祁不折当即抽刀想要了他的狗命,刀口划破了萧琅玉的脖子,萧琅玉不躲不避。
眸色幽幽的看着祁不折。
祁不折自然知道自己伤不了他,也不会在这个时间段,和手握重权的萧琅玉撕破脸皮。
他刚登基,太子余党如长眠于地底的春笋,只等待春雨来临,便势如破竹般成长,他要用到萧琅玉,不仅因为此人现如今拥有的权势和能力,还有这人对太子一党的了解。
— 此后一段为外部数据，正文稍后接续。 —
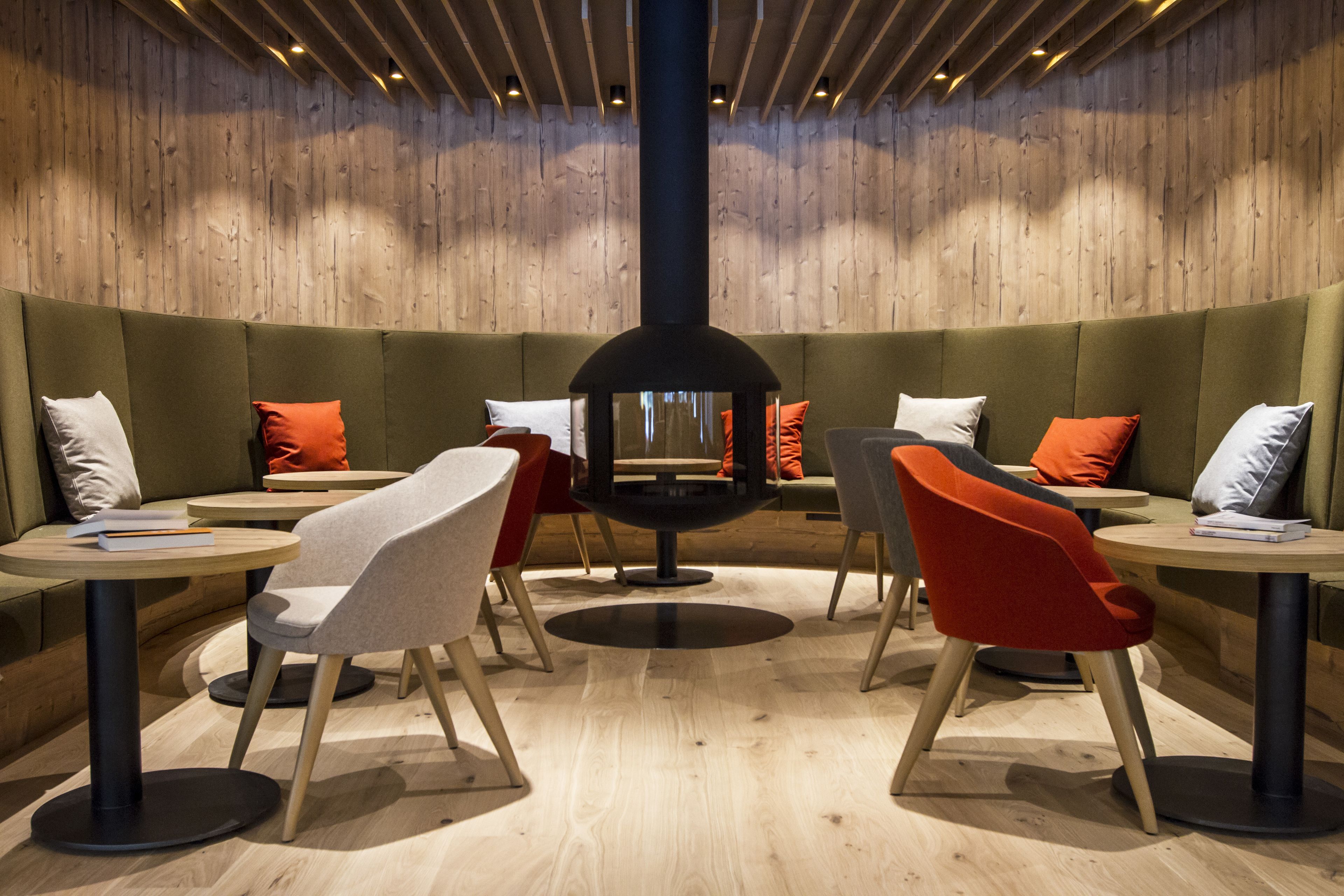 Un'area lounge moderna con una disposizione circolare di posti a sedere al centro, pareti in legno e diversi tavoli e sedie.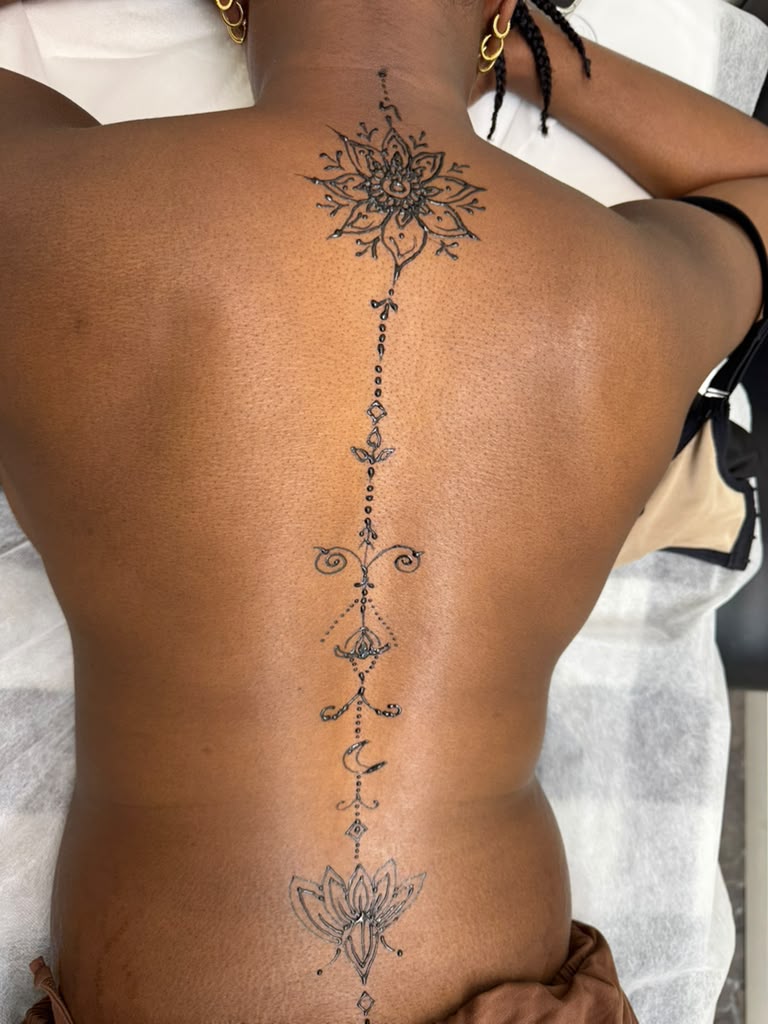Spine mandala and lotus henna tattoo down the back — bridal-style mehndi at Magical Waxing Atlanta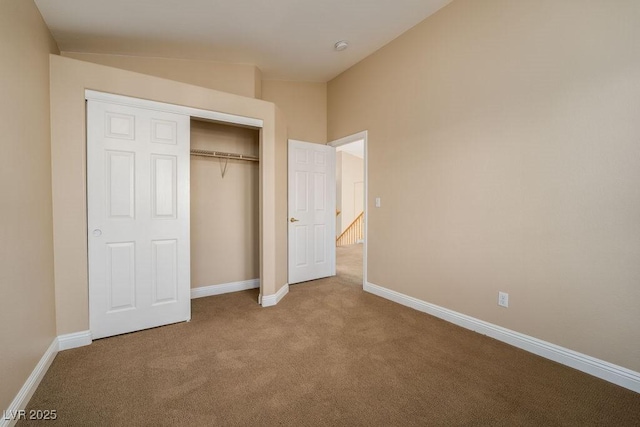 unfurnished bedroom featuring carpet and a closet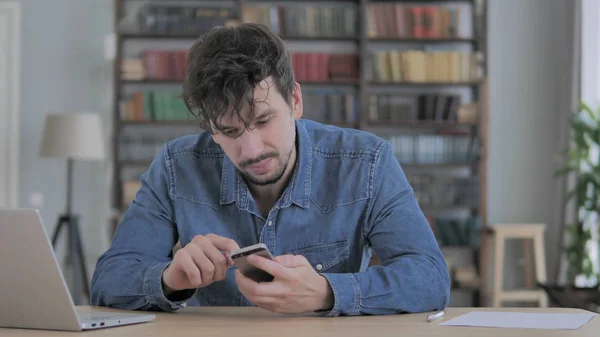 Человек с помощью смартфона, просмотр онлайн на работе — стоковое фото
祁不折扔下刀回宫,最终在严峻的局势下不情不愿的成全了萧琅玉。
只是哪知,这萧琅玉是个死变态。
祁不折到底是天潢贵胄的天子,这是何等屈辱,自然让他心有不甘。
所以两人在床上向来不和谐。
尤其是一个凌乱狼狈,一个冷静自持,使得祁不折从不愿在那些……下露出破绽。
祁不折回神,已然被男人抱进了怀里,“陛下。”
萧琅玉叫他,叫了又什么都不说,鼻尖闭着小皇帝的后脖子,手臂狠狠勒紧少年的腰身,“微臣何时对你呼之即来挥之即去?难道不是陛下对臣如此吗?”
他心情好就自称微臣,心情不好就咱家、奴才的自称,所以这人大多时候心情都不好。
脖子被他拱得好痒,祁不折下意识歪头,绵密的吻便落到了他的脖子上。
腰上的手已经开始解开他的外衫。
祁不折很紧张,按住男人的手臂,“不行。”
萧琅玉语气一沉,“怎么?咱家这不能做那不能做,陛下是想让咱家做一条听话不咬人的狗吗?”
祁不折:“……”
今日已经和萧琅玉有了更深的接触,深知自己不能得寸进尺,眼珠子灵动的闪了闪,侧头,哼了哼,好似很别扭的道:“朕关心的是你的手。”
萧琅玉冷笑,从两边扯开了祁不折的衣襟。
泄愤似的,牙齿在少年光洁的肩头磨了磨。
语气淡淡:“这点小伤算什么?”
肩头一刺,祁不折颤了一下,咽了口唾沫,“你到底是去抓了什么人?”
这次萧琅玉回答了,“一个少年。”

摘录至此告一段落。